2004 : le Comité de la liberté syndicale accepte cette plainte. Il condamne la Suisse et la prie de mettre sa législation en conformité avec les normes internationales du travail.

Le Conseil fédéral commence par nier la légitimité du comité de la liberté syndicale, attitude inacceptable de la part du pays hôte de l’OIT ! Ensuite il met sur pied une commission tripartite chargée de faire des propositions pour mettre la législation helvétique en conformité avec la convention 98 de l’OIT. Toutes ses propositions pour rendre la protection réellement efficace contre le licenciement antisyndical sont rejetées par la partie patronale, puis par le Conseil fédéral, qui fonde son refus sur celui des patrons, leur conférant de facto un droit de veto.

2006 : Nouveaux cas soumis à l’OIT. La commission de l’OIT invite à nouveau la Suisse à modifier sa législation, lui suggérant de s’inspirer de la loi sur l’égalité, qui prévoit la réintégration de la personne licenciée lorsque le juge constate le caractère abusif du congé.

2008 : nouveau refus d’agir du Conseil fédéral.

2009 : nouvelle vague de licenciements antisyndicaux.

2009 : suspension de la procédure de la plainte à l’OIT suite aux consultations menées par le Conseil fédéral.

14 janvier 2011 : après deux tentatives de révision du Code des obligations (CO) (2008 et 2009), s’achève la mise en consultation (la 2e) de la révision partielle du Code des obligations du 1er octobre 2010. Le Conseil fédéral ne présente même pas les résultats de la cette consultation !

19 septembre 2012 : l’USS réactive la plainte tout en apportant 13 nouveaux cas de licenciements abusifs. L’USS demande notamment à l’OIT de constater le refus des autorités suisses de mettre un terme à une situation grave qui viole les droits fondamentaux.

5 novembre 2012 : parution du « livre noir des licenciements abusifs » https://www.uss.ch/fileadmin/user_u... accompagné par l’article de presse de Vania Alleva « Il est grand temps de protéger les syndicalistes et de renforcer le partenariat social » lequel revendique notamment l’adaptation du Code des obligations (CO) et la réintégration en cas de licenciement abusif. https://www.uss.ch/fileadmin/user_u...

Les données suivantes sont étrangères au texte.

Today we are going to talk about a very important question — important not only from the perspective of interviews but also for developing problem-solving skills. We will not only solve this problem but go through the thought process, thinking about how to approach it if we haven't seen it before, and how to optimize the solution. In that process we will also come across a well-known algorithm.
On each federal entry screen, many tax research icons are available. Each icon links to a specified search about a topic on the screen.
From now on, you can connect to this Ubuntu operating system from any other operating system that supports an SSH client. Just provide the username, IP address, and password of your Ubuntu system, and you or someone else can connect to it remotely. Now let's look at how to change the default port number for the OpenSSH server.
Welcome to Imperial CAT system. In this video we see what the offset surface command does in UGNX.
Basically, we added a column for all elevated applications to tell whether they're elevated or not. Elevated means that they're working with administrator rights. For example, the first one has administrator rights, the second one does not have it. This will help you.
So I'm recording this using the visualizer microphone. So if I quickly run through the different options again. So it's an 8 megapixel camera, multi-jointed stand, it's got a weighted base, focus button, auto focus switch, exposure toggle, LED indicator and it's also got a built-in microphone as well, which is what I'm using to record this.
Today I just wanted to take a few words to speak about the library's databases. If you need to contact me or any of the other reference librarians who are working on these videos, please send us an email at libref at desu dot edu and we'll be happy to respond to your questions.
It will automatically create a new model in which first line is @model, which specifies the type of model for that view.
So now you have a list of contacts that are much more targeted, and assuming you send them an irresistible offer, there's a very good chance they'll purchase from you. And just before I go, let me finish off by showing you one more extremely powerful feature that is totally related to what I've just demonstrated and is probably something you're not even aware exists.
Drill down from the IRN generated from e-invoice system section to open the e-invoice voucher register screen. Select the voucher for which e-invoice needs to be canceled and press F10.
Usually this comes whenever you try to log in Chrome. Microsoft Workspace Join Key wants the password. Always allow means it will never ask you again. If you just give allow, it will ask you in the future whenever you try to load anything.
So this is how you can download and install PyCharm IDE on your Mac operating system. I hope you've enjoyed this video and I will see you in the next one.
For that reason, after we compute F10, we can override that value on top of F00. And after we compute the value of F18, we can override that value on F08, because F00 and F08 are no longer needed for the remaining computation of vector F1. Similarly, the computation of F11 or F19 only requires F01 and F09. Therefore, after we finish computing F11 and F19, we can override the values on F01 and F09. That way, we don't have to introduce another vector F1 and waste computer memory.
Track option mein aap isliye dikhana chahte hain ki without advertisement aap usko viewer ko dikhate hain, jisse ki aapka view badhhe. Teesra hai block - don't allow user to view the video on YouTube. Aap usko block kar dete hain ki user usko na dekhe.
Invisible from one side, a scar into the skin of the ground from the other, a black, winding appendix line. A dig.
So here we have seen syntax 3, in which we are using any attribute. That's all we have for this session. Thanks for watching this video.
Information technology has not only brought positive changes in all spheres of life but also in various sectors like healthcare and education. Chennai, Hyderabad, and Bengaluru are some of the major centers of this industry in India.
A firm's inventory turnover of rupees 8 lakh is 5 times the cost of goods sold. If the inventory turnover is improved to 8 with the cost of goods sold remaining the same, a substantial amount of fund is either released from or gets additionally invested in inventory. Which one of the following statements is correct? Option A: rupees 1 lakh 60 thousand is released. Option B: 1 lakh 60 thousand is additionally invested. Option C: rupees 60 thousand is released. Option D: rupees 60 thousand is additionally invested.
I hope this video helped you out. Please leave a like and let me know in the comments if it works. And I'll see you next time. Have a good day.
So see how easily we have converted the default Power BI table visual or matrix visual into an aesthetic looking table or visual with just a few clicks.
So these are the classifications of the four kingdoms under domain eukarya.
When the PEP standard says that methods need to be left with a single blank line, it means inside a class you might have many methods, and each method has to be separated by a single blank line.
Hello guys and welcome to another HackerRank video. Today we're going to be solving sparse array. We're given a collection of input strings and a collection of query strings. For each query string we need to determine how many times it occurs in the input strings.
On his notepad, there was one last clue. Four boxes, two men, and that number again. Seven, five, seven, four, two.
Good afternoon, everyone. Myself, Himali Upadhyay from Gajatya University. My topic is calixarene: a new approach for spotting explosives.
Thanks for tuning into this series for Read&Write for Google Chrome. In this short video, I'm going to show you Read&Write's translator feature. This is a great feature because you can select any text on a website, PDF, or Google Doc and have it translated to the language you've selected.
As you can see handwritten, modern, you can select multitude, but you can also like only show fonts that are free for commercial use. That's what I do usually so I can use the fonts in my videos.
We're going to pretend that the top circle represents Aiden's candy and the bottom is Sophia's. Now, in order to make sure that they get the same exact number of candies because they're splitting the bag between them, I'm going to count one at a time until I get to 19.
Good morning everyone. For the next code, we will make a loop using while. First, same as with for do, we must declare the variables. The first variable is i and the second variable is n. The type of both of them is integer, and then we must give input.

5 novembre 2012 : intervention de Amnesty International avec l’article de presse « Les droits syndicaux font partie des droits humaines ». www.uss.ch/fileadmin/user_upload/Do...

6 novembre 2012 : parution de l’article de l’USS : « La plainte est indispensable à la protection de la liberté syndicale ». www.uss.ch/themes/travail/detail/la-plainte-est-indispensable-a-la-protection-de-la-liberte-syndicale

21 novembre 2012 : le Conseil fédéral constate qu’il n’y a pas eu de consensus sur la révision du CO et décide de suspendre les travaux sur le projet d’amélioration et donne mandat à l’administration de rédiger une étude approfondie en particulier sur la question des licenciements antisyndicaux.

16 mai 2019 : la Suisse est placée par l’OIT sur sa liste noire ! En effet, cette infraction chronique commise par la Suisse à l’encontre d’un droit constitutionnel et d’une norme du droit international qu’elle a ratifié, justifie son placement sur cette liste au même niveau que l’Iran, la Chine ou encore la Biélorussie en matière de violation des droits syndicaux.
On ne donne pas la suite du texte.